In four words, Amy Sherman-Palladino finally wrapped up the story of Stars Hollow as she always wanted to, and managed to encapsulate everything that went wrong with Rory's role in the new Netflix special.
Rory Gilmore had her failings as a character over Gilmore Girls' original seven-season run, showing herself to be immature and selfish. Sleeping with her married ex is often pointed to as the first indication that Rory isn't perfect, but it's a season 2 episode when she misses her mother's college graduation that first illuminates the fact that, for all her charm and bookishness, Rory thinks primarily of herself. She goes on to steal a boat and drop out of Yale, but at no time during the seven seasons does she lose the one thing that seems utterly absent from her character in the reboot — her ambition. Even in her academic exile, she strives to be the best DAR party planner. She camps out in the office of a small Connecticut newspaper with a stack of reasons why they should hire her. She wrote an epic article about asphalt! Nothing was beneath her, and nothing was impossible.
On the surface, the unexpected pregnancy of a 32-year-old woman who has an extensive support system, emotionally and financially, is no big deal.
Cut to A Year in the Life's Rory Gilmore, 32, entitled jerk. This version of Rory doesn't just lack ambition; she lacks the basic drive to find gainful employment. She's grown accustomed to an incredibly large collection of safety nets — she's always welcome at her mom's house, or her grandmother's mansion, or her friend's apartment if she wants to spend some time in NYC, or her not-quite boyfriend's place if she needs to crash in London. All these free ersatz Airbnbs come with food, companionship, and storage space. But even an unemployed Rory of the past would have used the time to challenge herself; she could have reread the complete works of Shakespeare! Or written an article for every section and subsection of the New York Times! Instead, she whines. She whines about her lack of direction. She whines about her failure. And even more frustrating, her whines are met by only comfort from her friends and family, until she eventually takes up a book project that she didn't even come up with on her own. Which leads us to the pregnancy confession and all it implies.
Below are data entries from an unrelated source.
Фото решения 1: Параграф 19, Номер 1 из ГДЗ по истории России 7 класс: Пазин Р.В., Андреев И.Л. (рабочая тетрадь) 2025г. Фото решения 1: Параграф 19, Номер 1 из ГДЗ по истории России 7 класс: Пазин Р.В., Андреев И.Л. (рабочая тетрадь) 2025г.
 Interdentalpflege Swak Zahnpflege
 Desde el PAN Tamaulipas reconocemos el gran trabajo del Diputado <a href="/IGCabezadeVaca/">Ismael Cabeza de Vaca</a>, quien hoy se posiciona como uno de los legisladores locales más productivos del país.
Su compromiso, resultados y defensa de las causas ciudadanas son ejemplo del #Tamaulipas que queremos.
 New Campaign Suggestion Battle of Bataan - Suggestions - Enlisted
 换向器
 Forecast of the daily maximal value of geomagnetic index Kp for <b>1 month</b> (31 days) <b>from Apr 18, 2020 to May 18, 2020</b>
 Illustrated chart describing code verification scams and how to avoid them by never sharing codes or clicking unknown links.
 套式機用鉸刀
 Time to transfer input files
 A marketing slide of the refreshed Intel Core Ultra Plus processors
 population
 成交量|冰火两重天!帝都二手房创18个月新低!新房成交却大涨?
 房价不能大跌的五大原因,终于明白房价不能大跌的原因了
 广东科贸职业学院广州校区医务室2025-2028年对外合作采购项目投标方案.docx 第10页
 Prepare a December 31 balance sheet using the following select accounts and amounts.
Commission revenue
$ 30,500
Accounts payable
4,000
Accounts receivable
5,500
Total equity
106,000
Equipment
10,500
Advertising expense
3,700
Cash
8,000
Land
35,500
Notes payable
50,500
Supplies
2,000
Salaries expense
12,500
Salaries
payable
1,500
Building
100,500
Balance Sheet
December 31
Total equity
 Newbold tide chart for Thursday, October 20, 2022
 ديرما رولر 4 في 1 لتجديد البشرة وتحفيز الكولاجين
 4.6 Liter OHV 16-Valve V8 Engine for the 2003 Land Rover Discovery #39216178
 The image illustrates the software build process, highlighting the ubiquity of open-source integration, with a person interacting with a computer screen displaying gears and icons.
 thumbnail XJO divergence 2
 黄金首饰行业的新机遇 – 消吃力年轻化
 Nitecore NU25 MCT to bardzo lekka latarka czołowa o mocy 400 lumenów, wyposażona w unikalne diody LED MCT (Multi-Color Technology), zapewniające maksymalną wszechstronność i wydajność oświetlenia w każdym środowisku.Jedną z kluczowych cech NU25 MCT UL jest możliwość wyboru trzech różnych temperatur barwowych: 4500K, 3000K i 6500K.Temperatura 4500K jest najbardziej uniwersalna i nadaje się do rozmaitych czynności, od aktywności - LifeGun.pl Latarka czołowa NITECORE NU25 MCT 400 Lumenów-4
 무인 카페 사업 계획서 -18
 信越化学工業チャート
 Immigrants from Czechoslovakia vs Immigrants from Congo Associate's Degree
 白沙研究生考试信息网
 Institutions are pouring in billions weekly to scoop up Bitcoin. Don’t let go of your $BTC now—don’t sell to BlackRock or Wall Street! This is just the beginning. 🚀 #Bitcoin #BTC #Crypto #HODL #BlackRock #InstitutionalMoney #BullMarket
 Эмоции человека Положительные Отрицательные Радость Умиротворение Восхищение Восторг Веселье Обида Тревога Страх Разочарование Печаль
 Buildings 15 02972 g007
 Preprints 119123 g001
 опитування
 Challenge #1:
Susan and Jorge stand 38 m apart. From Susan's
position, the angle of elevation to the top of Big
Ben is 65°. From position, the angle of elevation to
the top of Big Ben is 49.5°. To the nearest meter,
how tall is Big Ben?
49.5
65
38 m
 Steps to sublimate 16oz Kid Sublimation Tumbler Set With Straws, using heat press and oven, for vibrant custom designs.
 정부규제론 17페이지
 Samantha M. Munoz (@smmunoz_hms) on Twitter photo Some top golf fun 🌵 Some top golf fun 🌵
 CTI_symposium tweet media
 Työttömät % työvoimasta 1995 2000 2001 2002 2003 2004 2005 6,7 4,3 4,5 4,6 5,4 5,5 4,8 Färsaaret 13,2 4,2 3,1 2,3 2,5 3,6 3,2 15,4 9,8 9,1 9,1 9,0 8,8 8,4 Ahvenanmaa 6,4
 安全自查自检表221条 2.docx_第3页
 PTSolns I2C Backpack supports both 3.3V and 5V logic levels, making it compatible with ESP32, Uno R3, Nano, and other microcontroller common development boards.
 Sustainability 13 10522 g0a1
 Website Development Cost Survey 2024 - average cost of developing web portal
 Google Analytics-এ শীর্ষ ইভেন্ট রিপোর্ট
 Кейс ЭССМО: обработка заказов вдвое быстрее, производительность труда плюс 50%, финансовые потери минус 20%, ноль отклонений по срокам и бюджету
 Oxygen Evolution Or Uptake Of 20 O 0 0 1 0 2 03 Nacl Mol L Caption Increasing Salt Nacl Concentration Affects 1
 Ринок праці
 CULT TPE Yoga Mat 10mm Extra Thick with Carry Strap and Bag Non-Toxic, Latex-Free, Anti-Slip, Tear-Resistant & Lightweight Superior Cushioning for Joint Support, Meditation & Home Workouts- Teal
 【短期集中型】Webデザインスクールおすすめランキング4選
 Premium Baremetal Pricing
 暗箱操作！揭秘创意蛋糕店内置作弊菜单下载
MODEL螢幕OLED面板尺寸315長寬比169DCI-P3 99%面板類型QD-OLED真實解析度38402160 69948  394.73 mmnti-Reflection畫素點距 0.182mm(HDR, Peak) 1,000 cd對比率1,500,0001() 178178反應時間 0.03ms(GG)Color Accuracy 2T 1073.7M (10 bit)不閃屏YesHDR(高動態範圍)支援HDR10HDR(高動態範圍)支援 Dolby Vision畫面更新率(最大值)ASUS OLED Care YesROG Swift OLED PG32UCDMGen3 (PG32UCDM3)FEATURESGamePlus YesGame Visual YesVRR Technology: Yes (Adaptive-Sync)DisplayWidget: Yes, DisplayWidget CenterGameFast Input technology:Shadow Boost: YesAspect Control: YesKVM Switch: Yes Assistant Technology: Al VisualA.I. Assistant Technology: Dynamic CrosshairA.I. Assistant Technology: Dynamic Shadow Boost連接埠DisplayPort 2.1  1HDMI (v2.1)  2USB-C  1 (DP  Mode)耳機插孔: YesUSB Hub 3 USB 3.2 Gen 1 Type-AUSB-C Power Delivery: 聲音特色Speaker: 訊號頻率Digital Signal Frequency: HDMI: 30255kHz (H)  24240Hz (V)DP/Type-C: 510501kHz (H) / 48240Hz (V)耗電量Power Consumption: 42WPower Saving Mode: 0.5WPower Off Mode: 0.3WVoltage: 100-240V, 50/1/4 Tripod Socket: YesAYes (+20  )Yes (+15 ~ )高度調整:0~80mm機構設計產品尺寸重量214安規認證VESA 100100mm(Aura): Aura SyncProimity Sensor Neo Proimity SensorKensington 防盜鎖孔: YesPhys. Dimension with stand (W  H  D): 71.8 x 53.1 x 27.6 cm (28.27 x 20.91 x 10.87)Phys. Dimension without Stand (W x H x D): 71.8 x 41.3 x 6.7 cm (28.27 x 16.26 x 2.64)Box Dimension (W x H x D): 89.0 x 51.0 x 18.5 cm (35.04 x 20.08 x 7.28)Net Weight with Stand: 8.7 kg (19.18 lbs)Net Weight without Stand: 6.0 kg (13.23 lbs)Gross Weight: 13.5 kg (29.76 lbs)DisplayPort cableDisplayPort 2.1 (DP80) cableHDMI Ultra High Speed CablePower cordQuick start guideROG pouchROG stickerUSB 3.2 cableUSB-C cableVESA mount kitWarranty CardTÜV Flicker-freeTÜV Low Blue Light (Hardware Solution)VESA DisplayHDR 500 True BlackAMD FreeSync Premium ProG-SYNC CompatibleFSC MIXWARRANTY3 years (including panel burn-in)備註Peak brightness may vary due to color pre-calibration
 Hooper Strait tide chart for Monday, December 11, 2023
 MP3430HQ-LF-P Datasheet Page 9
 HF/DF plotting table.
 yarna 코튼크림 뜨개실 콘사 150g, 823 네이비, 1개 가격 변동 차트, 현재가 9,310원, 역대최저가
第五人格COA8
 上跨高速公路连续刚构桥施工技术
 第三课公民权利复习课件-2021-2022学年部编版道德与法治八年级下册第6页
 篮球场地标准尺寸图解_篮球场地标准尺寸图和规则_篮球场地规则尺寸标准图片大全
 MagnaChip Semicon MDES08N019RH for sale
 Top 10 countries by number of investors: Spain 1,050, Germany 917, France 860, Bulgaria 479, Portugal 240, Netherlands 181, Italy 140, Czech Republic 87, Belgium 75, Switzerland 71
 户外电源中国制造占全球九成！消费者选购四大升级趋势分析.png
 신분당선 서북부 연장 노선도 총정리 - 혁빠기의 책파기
On the surface, the unexpected pregnancy of a 32-year-old woman who has an extensive support system, emotionally and financially, is no big deal. And I believe the confession would have actually been better had it come when Sherman-Palladino expected it to, on the heels of Rory's graduation from Yale at the end of the seventh season. Sure, a pregnancy at 22 would have been a shock to Rory, but who the character was in that moment could have taken it in stride; she probably would have gone into labor on the campaign trail press bus and gone on to start a popular mommy blog, becoming a family features writer for the Times by 30. Motherhood, something for which Rory's character never expresses a desire, would have just been one part of her. However, introduced in the final words of this four-part series, when Rory seems not just lost but also completely unwilling to do the work necessary to get where she wants to be, motherhood seems like the worst possible "solution." While Rory's pregnancy could be seen as bringing the show about mothers and daughters full circle, it's worth noting that Lorelai's pregnancy got her unstuck — pushed her forward. It seems unlikely Rory's will do anything but tie her to a role she never seemed interested in — a disappointing ending for one of the most ambitious young female characters of the past 15 years. And she's definitely going to drop that kid off at her mother's, without asking first, constantly. New Rory is the worst.